Leif joined him in the darkness. Together they strode toward the bunkhouse. Visions of Penny lit the back of Hjelmer’s eyelids. What was she doing this night? Did she still remember that he said he loved her? And that she’d wait? He
had
broken his vow, but it turned out all right in the end. Surely that meant God didn’t count the vow as real.
But to be safe, I won’t play again,
he promised himself.
O
h, hurry, Inge, please hurry.” Kaaren tried to stop the bleeding, but she had no more rags at hand without getting up from the bed. Moving terrified her. What if she bled to death before Ingeborg could get there? Why, oh why, had she insisted Metiz go home? She’d felt so much stronger, and with Lars coming in soon from the fields, she thought they could all sleep till he came. And Metiz had needed rest too.
She heard feet thudding against the hard-packed dirt, and immediately the door flew open as if by a huge wind.
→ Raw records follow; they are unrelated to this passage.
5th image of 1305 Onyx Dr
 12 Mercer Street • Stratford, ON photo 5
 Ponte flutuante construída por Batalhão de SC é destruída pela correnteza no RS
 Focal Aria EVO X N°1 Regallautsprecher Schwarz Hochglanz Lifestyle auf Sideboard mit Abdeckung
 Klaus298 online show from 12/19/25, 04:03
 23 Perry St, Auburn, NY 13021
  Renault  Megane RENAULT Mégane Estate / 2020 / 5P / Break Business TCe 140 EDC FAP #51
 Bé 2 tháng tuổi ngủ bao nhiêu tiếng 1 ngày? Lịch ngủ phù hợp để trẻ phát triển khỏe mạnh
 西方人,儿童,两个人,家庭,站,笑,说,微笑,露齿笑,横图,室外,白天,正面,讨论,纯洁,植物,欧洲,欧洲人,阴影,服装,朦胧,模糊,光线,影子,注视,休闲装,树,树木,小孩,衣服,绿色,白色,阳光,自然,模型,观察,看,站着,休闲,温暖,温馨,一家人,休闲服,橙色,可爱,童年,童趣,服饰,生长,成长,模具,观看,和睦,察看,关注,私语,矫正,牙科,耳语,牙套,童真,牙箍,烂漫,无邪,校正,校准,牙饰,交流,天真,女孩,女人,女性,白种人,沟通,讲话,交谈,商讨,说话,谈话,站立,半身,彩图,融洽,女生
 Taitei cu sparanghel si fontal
“Inge, I’m so glad you’re here.” Kaaren tried to keep the tears from squeezing under her eyelids, but one was more determined than she. She dashed it away and tried to smile, but her lips quivered beyond her control.
“What is it?” Ingeborg crossed the room, her hand to her breast, trying to catch her breath. At the same moment she saw the spreading stain on the sheet. “Oh, dear Lord above, help us now.” She turned at the door opening again. Thorliff stuck his head in.
“Go for Metiz!”
“Baptiste already did.”
“Oh, please, Father,” Ingeborg murmured as she gathered the clean strips of cloth off the line between the stove and the wall. “Then get Lars,” she ordered Thorliff.
At that moment the riverboat steam whistle shrieked across the land.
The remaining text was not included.